Three skits and a
debate explore
solutions to underage drinking.
By Jason KUROSU
The Crescenta Valley Drug and Alcohol Prevention Coalition held a seminar regarding underage drinking which covered the topic in a variety of ways, including situations from both teenage and parental perspectives and various strategies for prevention. The CVDAPC often features guest speakers at their meetings, but a different approach was adopted for Monday night’s occasion, entitled Stop Underage Drinking: What Every Parent Needs to Know. This approach consisted of a three act play depicting different scenarios involving underage drinking and a moderated debate on how best to combat alcohol consumption amongst minors.
As attendees entered the Center for Spiritual Living, they were handed agendas for the night’s proceedings that were designed to look like playbills. The performers were teens and parents from the community, some of them members of the CVDAPC, and the scenes were scripted by high school students.
Act 1 depicted a pair of kids obtaining alcohol from their home, then joining a friend of theirs who had taken beers from his older brother. Act 2 depicted parents who felt underage drinking was safe as long as it occurred in their home while they supervised. Despite their presence, one of the teens left the home when they hadn’t noticed and drove drunk. The final act consisted of a series of statistics regarding alcohol usage rates among teenagers and touched upon how early alcohol use leads more frequently to persistent alcohol abuse later.

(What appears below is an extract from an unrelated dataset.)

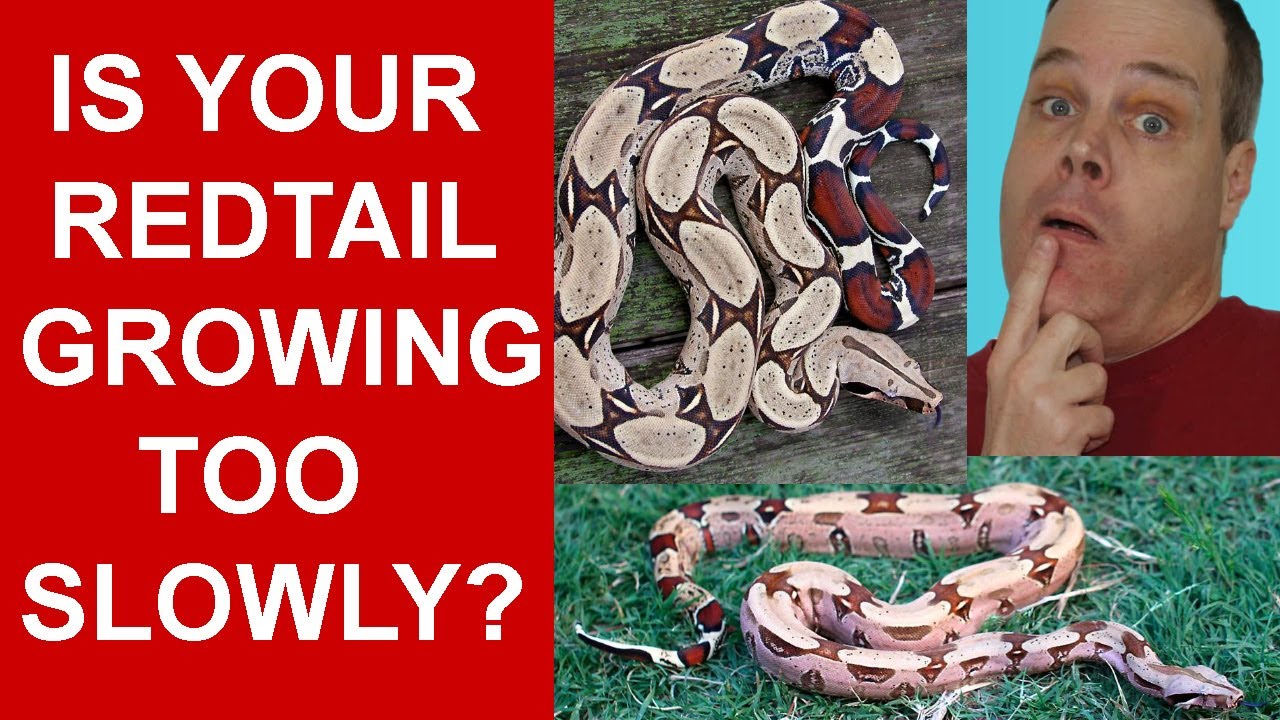 True Redtail Boa Constrictor Growth - 1 to 10 years old!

The meat of the seminar, however, was the debate. A team of students assembled by New Hope Academy Educational Director Hanna Oh and coached by New Hope’s Elizabeth Sutlian argued over two primary methods for preventing underage drinking.

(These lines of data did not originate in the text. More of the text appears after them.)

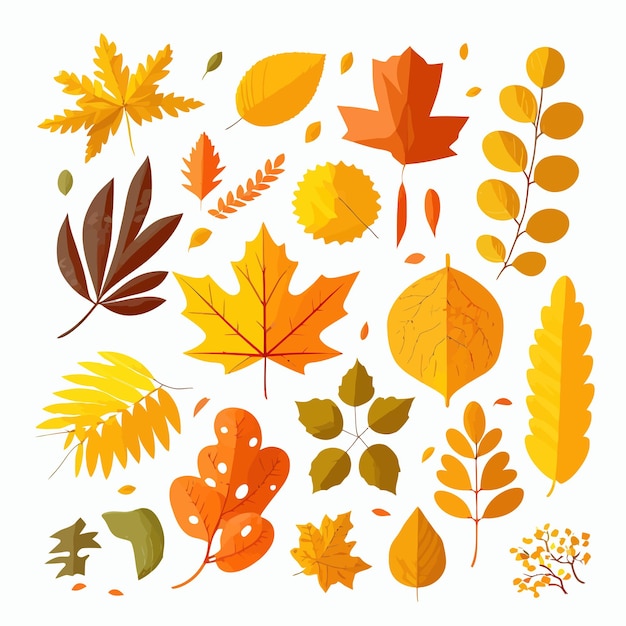 Vector colección de hojas de otoño ilustración dibujada a mano aislada sobre fondo blanco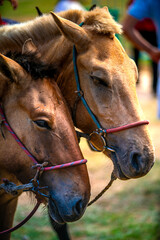 Fototapeta premium Mongolian horse in Danshig Naadam and Khuree Tsam festival, joined the festival for racing or archery competition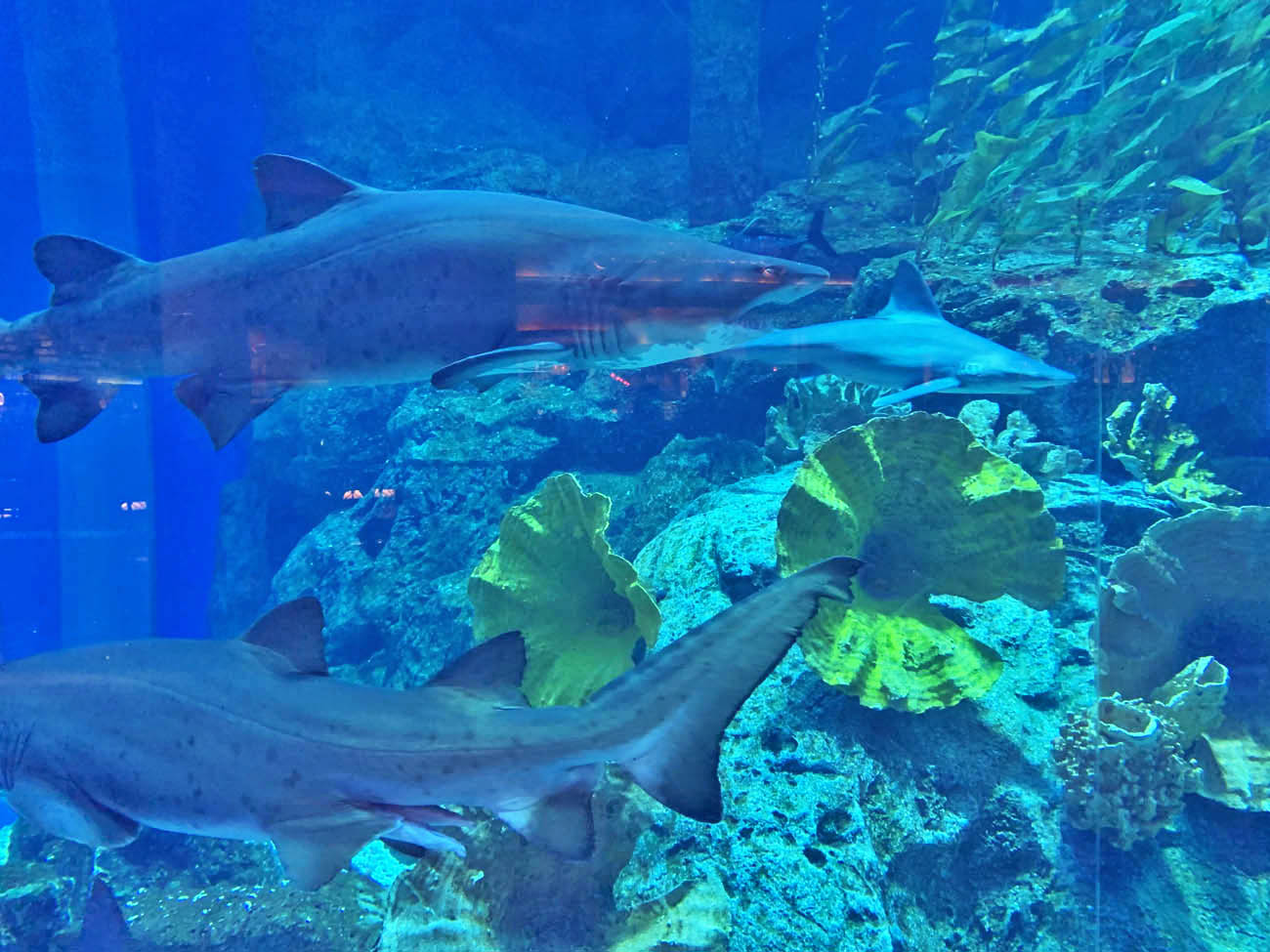Dubai Aquarium - Dubai Mall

The students, ranging from seventh graders to high school sophomores, were from Crescenta Valley High, La Cañada High, Valencia High, Flintridge Preparatory, La Cañada Middle School, Holy Redeemer Catholic School and Rancho Pico Middle School. They debated whether enforcing social hosting laws or developing parental involvement would be more effective in preventing underage drinking. The debaters were split into two five-member teams.

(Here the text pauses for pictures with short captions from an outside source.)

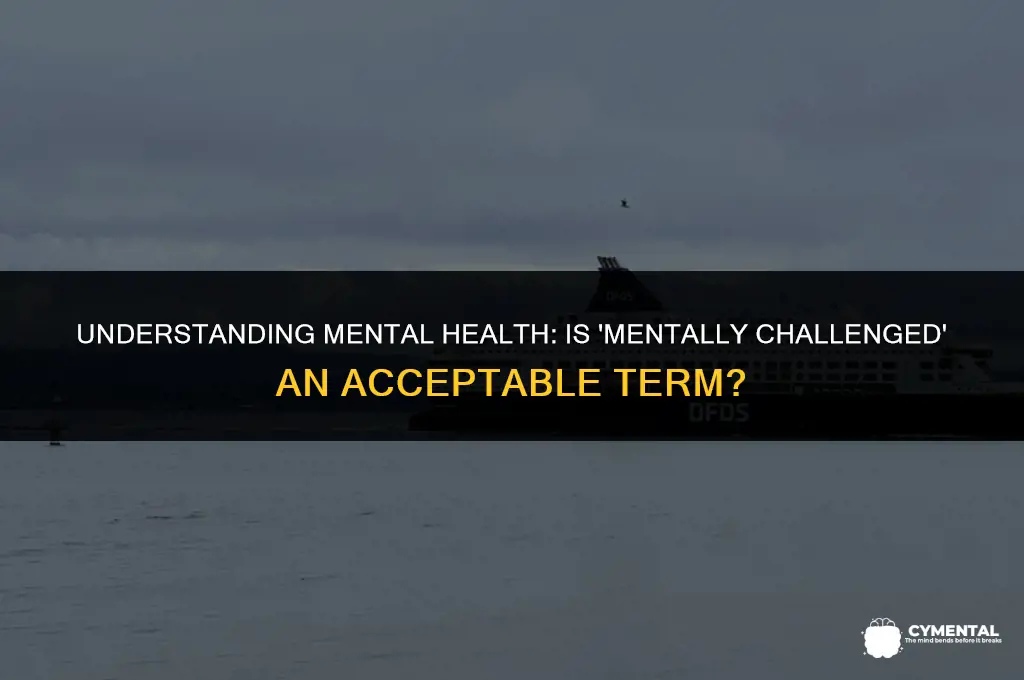is mentally challenged okay to say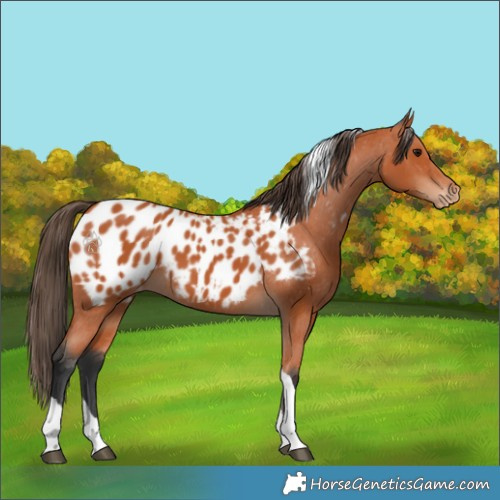 Horse Color:Bay Tobiano Appaloosa 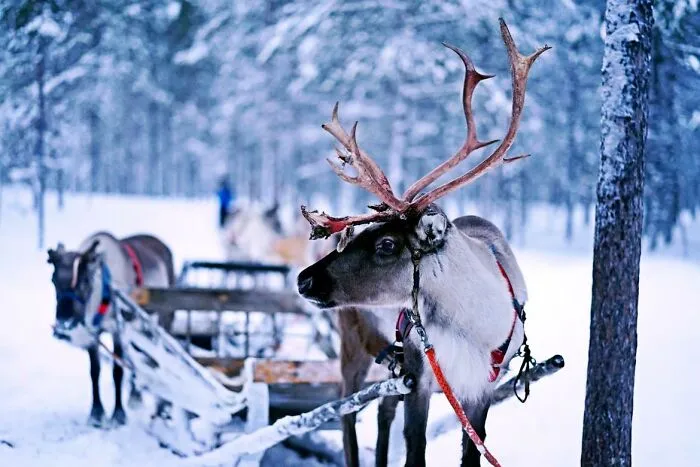40 Random Facts That Sound Fake But Aren’t, Shared In This Online Thread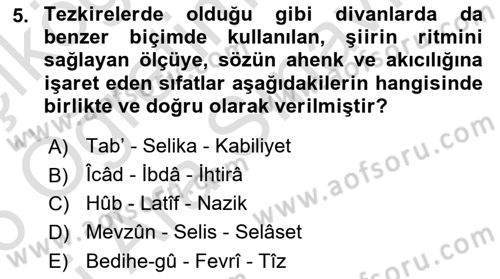 Eleştiri Tarihi Dersi 2025 - 2026 Yılı (Vize) Ara Sınav Soruları 5. Soru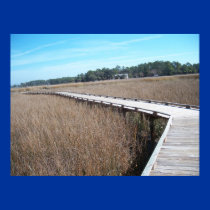 Savannah Georgia Tybee Island Path Trail Poster GA posters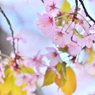 sakura2020_12_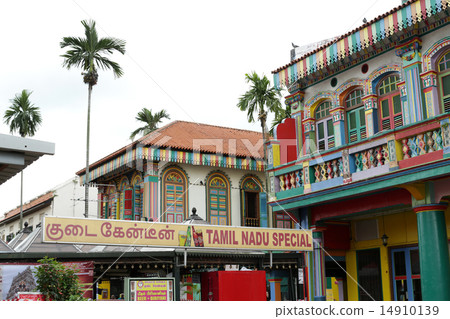 Singapore Little India 14910139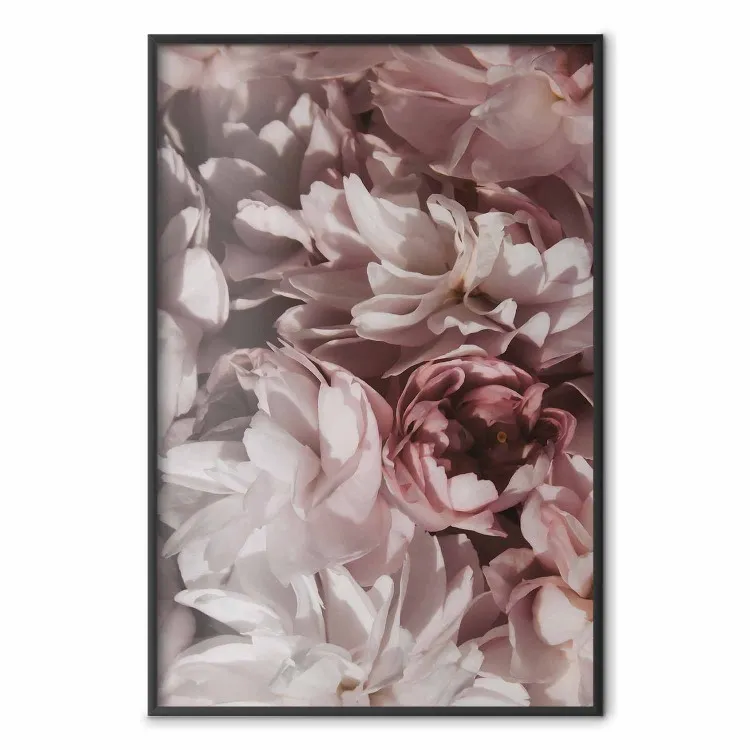 Zomer in de tuin - fluweelachtige compositie van zachtrode bloemen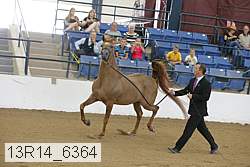 13r14_6364 proof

Team 1 argued the effectiveness of social hosting laws, which would hold parents and other liable for any dangers which would befall minors drinking in their presence. This deterrence strategy also included using Neighborhood Watch units that would locate any parties or other occasions where they thought underage drinking was occurring, provide mandatory awareness seminars to be held at local schools every few months and instill strict punishments for hosting underage drinking, such as fines and jail time. Team 1 also argued for alcohol outlet density regulation, which would reduce the number of available points of sale for alcohol in a given area.
Team 2 argued that parental involvement played a much bigger role in preventing underage drinking. They suggested the strength of the parental relationship would work best in communicating the dangers of alcohol abuse to kids. This would be strengthened by optional seminars and classes on drinking for parents, social media campaigns which would educate kids on drinking dangers and work on the parents’ part to keep any alcohol locked away at home where, Team 2 argued, kids obtain alcohol most easily.
The debate was moderated by Los Angeles Superior Court Judge Frederick R. Rotenberg, who had formerly participated in the “Every 15 minutes” program. The teams were allowed to make their cases and then a rebuttal period was given for the other team.
“According to a study in 2003,” said Team 1 member, CV freshman Omar Trad, “of the top 10 punishments that discouraged youth from drinking underage again, the number one punishment, with 68% effectiveness, was getting in trouble with police and/or the law.”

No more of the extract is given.